Verismo - Verismo As An Opera Style

Verismo As An Opera Style

Internationally, the term is more widely understood to refer to a style of Italian opera that began in 1890 with the first performance of Mascagni's Cavalleria rusticana, peaked in the early 1900s, and lingered into the 1920s. The style is distinguished by realistic – sometimes sordid or violent – depictions of everyday life, especially the life of the contemporary lower classes.
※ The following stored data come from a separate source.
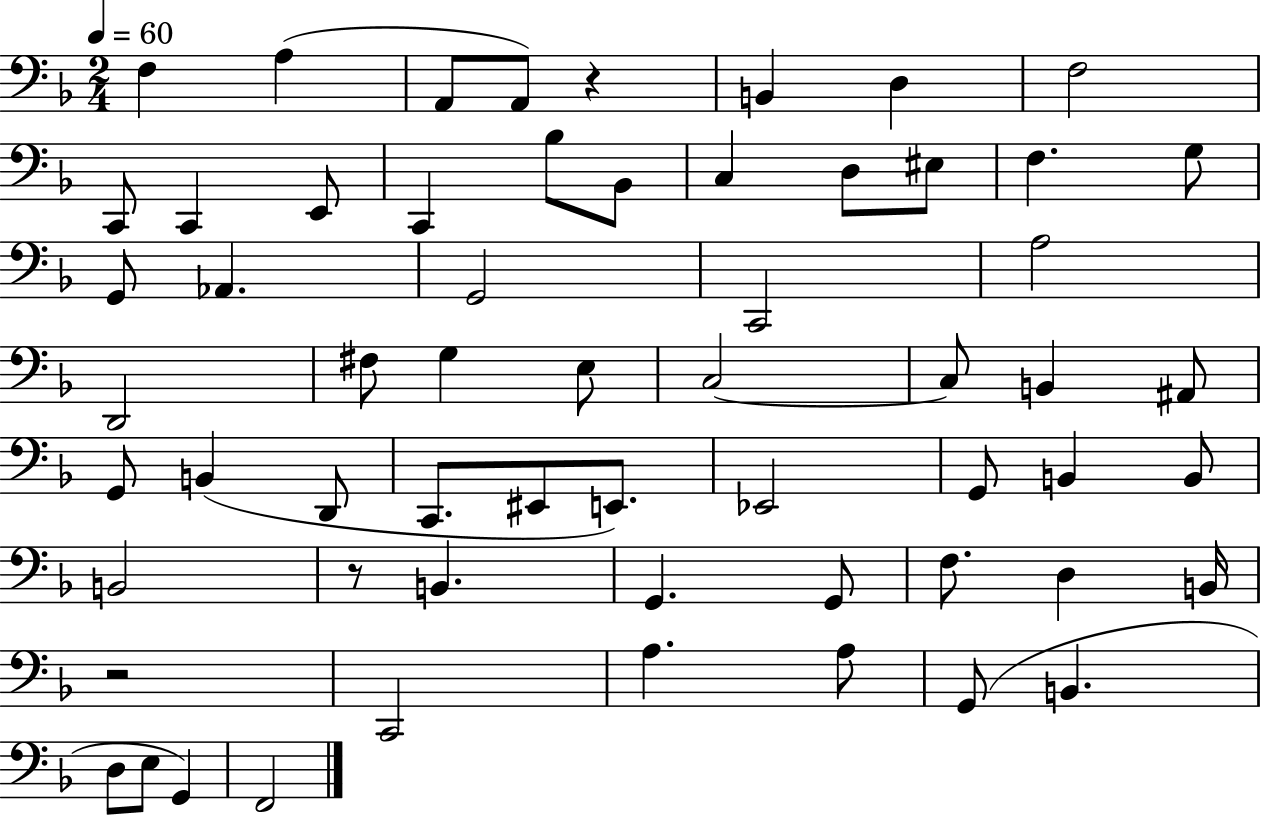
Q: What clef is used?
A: bass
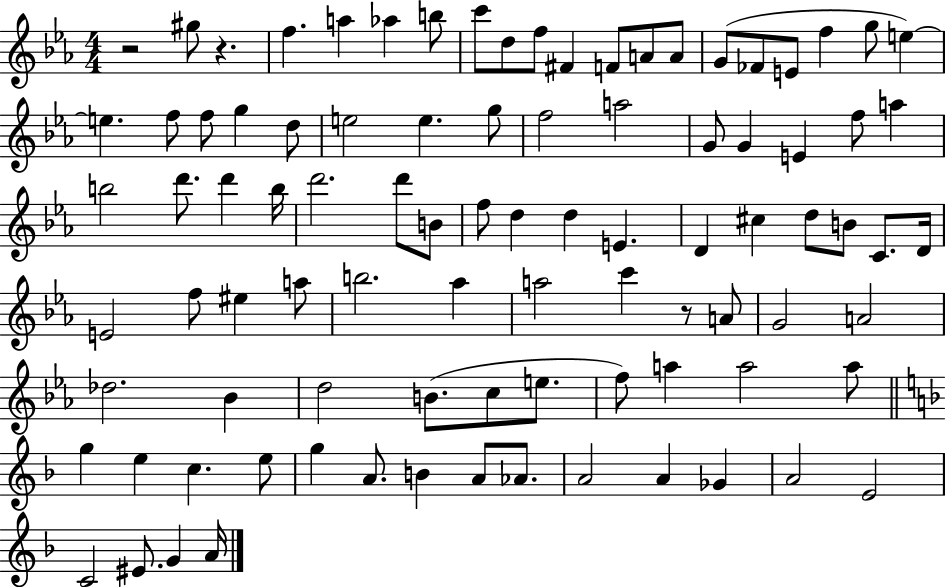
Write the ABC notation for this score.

X:1
T:Untitled
M:4/4
L:1/4
K:Eb
z2 ^g/2 z f a _a b/2 c'/2 d/2 f/2 ^F F/2 A/2 A/2 G/2 _F/2 E/2 f g/2 e e f/2 f/2 g d/2 e2 e g/2 f2 a2 G/2 G E f/2 a b2 d'/2 d' b/4 d'2 d'/2 B/2 f/2 d d E D ^c d/2 B/2 C/2 D/4 E2 f/2 ^e a/2 b2 _a a2 c' z/2 A/2 G2 A2 _d2 _B d2 B/2 c/2 e/2 f/2 a a2 a/2 g e c e/2 g A/2 B A/2 _A/2 A2 A _G A2 E2 C2 ^E/2 G A/4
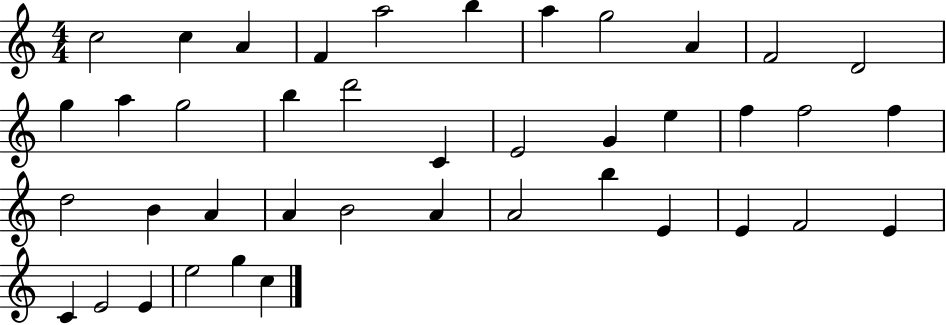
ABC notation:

X:1
T:Untitled
M:4/4
L:1/4
K:C
c2 c A F a2 b a g2 A F2 D2 g a g2 b d'2 C E2 G e f f2 f d2 B A A B2 A A2 b E E F2 E C E2 E e2 g c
It by and large rejects the historical or mythical subjects associated with Romanticism.

On the other hand, the intimate psychological encounters in realistic settings that characterize an Austro-Germanic work like Richard Strauss's Der Rosenkavalier (1911) are not ordinarily discussed in terms of Verismo because of the self-conscious "period-costume" setting of Strauss's opera, and because its elite and intellectually refined atmosphere are at odds with the earthy operatic melodramas being written in Italy during the same period, which are more typically associated with Verismo opera.

The "realistic" approach of Verismo extends to the music: the score of a Verismo opera is for the most part continuous and is not divided into separate "numbers" that can be excised easily and performed in concert excerpts (as is the case with the operatic genres that preceded Verismo). This is not always true, however – Cavalleria rusticana, Pagliacci, Tosca, and other verismo operas have arias, duets and choruses that are constantly excerpted in recitals, and Turandot (left incomplete at Puccini's death) marks a return to a "numbers" style.

It is interesting to note that Bizet's Carmen predated Cavalleria by 15 years. Carmen is essentially an archetypical Verismo opera: instead of kings and countesses the libretto features bullfighters, soldiers, factory workers and prostitutes embroiled in crime and violent passions.